*** Records shown ***

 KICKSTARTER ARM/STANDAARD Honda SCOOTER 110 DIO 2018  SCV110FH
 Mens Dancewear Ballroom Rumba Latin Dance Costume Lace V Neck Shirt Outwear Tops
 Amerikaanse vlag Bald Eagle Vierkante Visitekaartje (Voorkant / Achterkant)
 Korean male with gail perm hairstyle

*** End of Records shown ***
*** Records shown ***

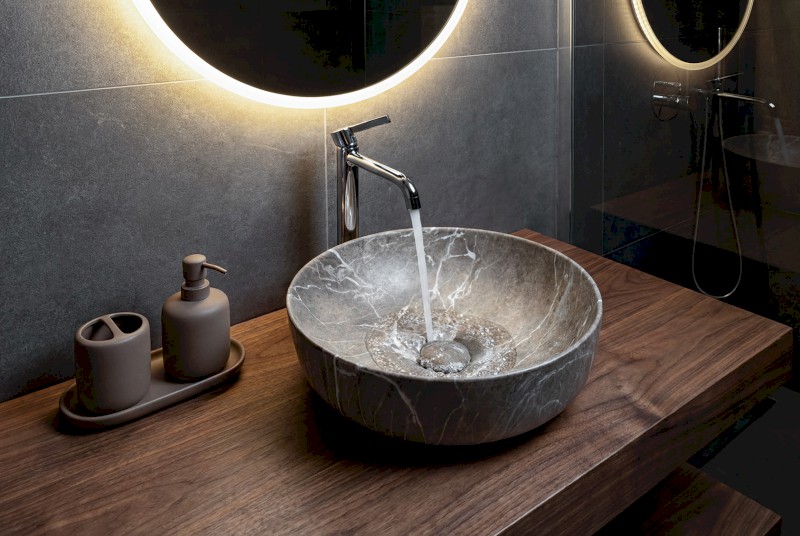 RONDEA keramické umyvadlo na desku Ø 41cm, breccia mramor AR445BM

*** End of Records shown ***
*** Records shown ***

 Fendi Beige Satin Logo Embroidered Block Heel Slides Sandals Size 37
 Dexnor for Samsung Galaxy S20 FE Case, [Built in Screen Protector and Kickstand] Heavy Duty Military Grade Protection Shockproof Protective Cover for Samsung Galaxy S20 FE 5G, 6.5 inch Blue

*** End of Records shown ***

What you should do: Both the line containing "Amerikaanse vlag Bald" and the line containing "Korean male with gail perm hairstyle" belong in the answer. Print them and every line above that falls between them exactly, and no others.

Answer:
 Amerikaanse vlag Bald Eagle Vierkante Visitekaartje (Voorkant / Achterkant)
 Korean male with gail perm hairstyle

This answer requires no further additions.